In brief

  • Australian crypto exchange BTC Markets revealed the names and email addresses of its 270,000 clients.
  • The messages were sent out to batches of 1,000 users each, revealing their details to every addressee.
  • The exchange confirmed the leak and apologized—but its customers are not happy.

Australian cryptocurrency exchange BTC Markets—which claims to be the largest in the country—has leaked names and email addresses of over 270,000 of its customers via a marketing campaign, Business Insider Australia reported Today.

On Tuesday, the exchange began sending out emails to users, announcing the listing of Tether stablecoins and the support for Spark airdrop. However, instead of sending each email individually or using blind carbon copy, BTC Markets sent out its updates to whole batches of users at a time, adding 1,000 addresses for each message.

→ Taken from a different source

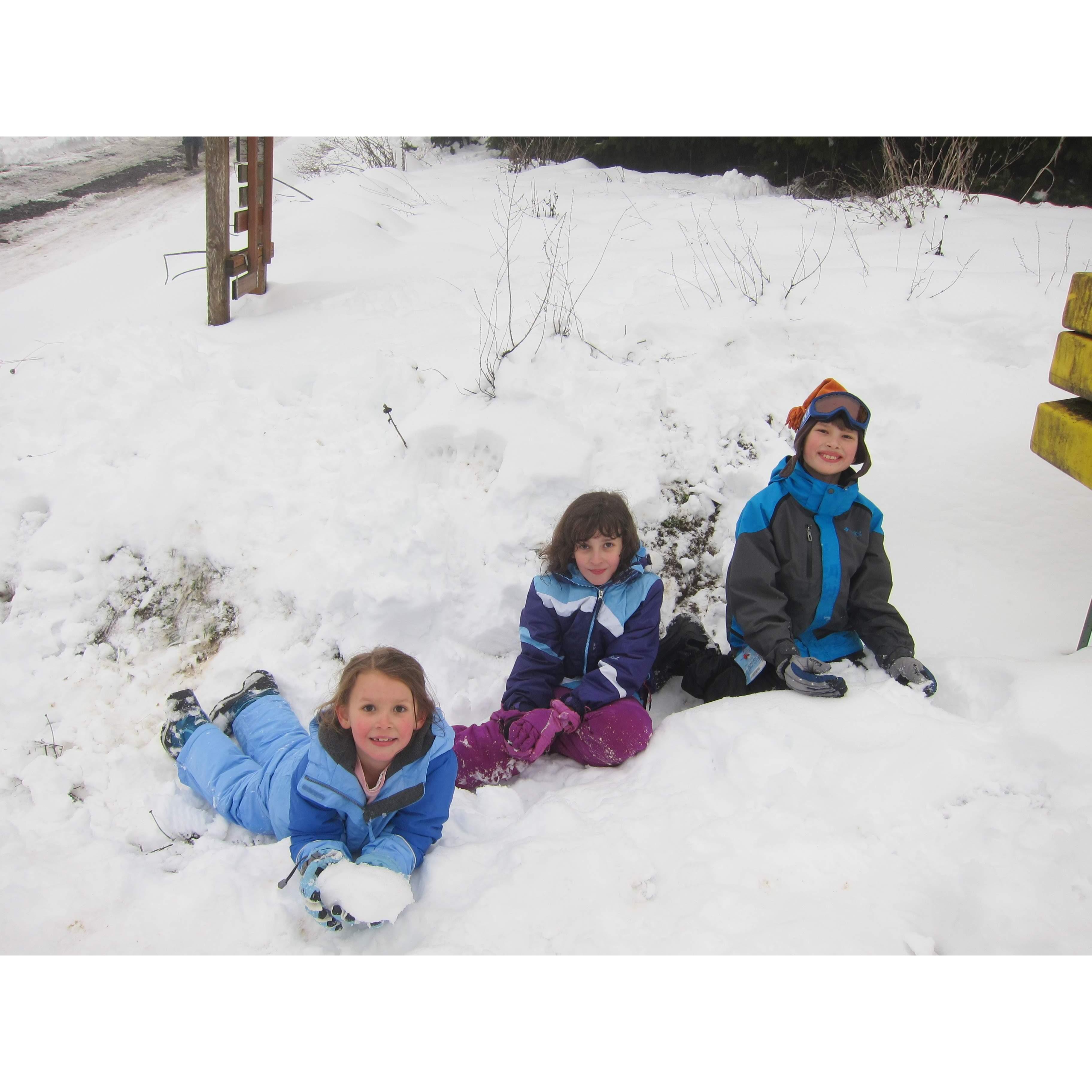 More fun in the snow!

As a result, each user that received the exchange’s email could also easily see the addresses and names of other 999 receivers in the “To:” field.

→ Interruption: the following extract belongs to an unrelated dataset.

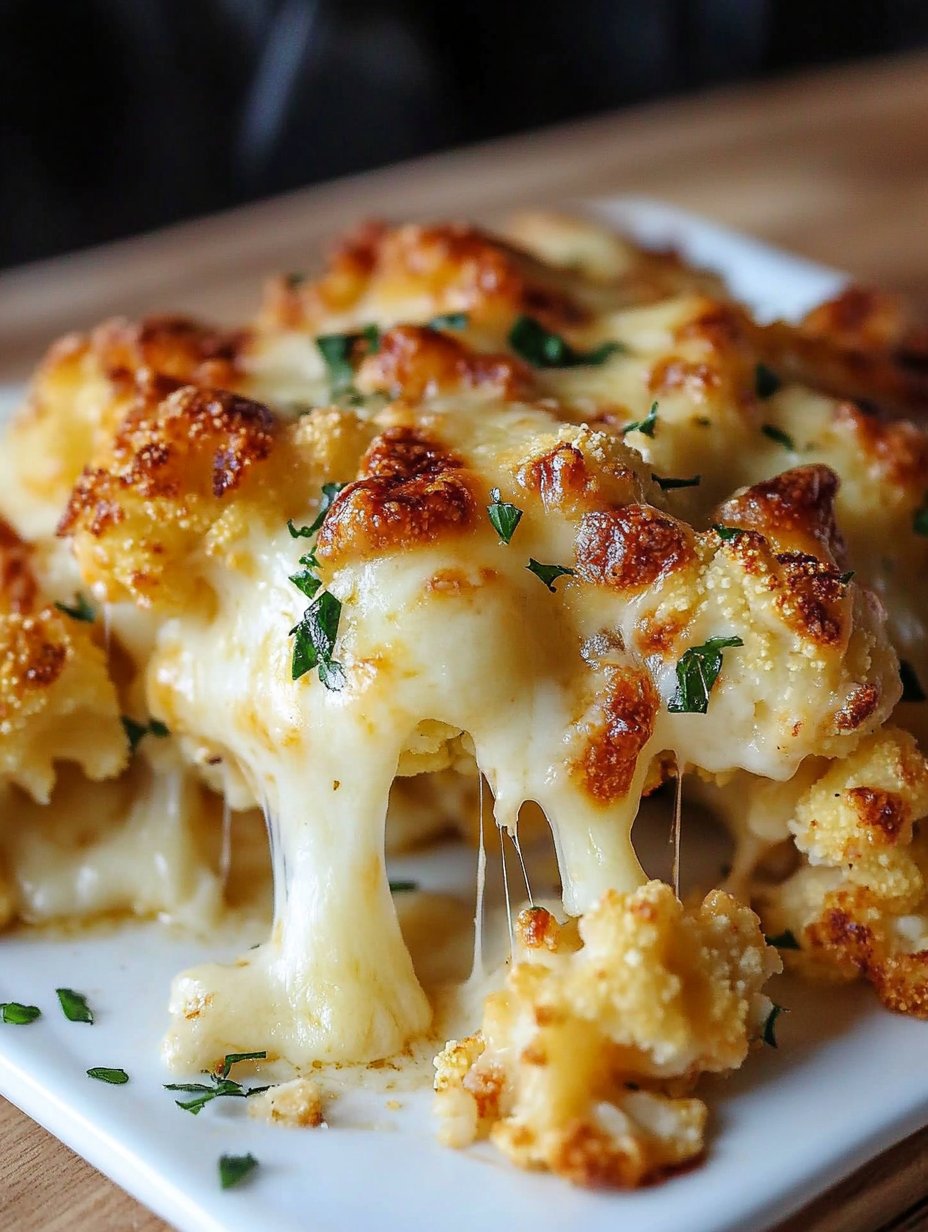 Glorious Baked Cheese Cauliflower Recipe Delight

BTC Markets CEO Caroline Bowler also confirmed that “All account holders were affected” and that “The email was sent in batches, rather than in bulk.”

It’s worth mentioning that since email services usually display any names that people used when they registered their mailing accounts, BTC Markets’ messages might have contained some pseudonyms—rather than real names—as well.

However, the biggest issue here is the email addresses themselves since BTC Markets also uses them as logins on the platform. This means that malicious actors now can easily compile a comprehensive database of BTC Markets users’ email addresses and pivot this data in phishing campaigns.


Per the report, BTC Markets addressed the issue and stated that when the leak was discovered, the platform ostensibly couldn’t stop the emails from sending out due to the high speed at which they were distributed.

“Earlier today, an announcement from BTC Markets exposed client names and email addresses. This is a deeply regrettable situation and we apologise wholeheartedly for it,” the exchange tweeted yesterday.

Unsurprisingly, users are not happy at all after the leak was discovered.

“If they cannot be trusted with a technology as old as email, how can they be trusted with crypto, let alone KYC [know-your-customer] information,” one Redditor summarized.

This isn’t the first time a crypto company has made this mistake. In November 2019, crypto exchange BitMEX exposed thousands of its customers’ details by doing the exact same thing.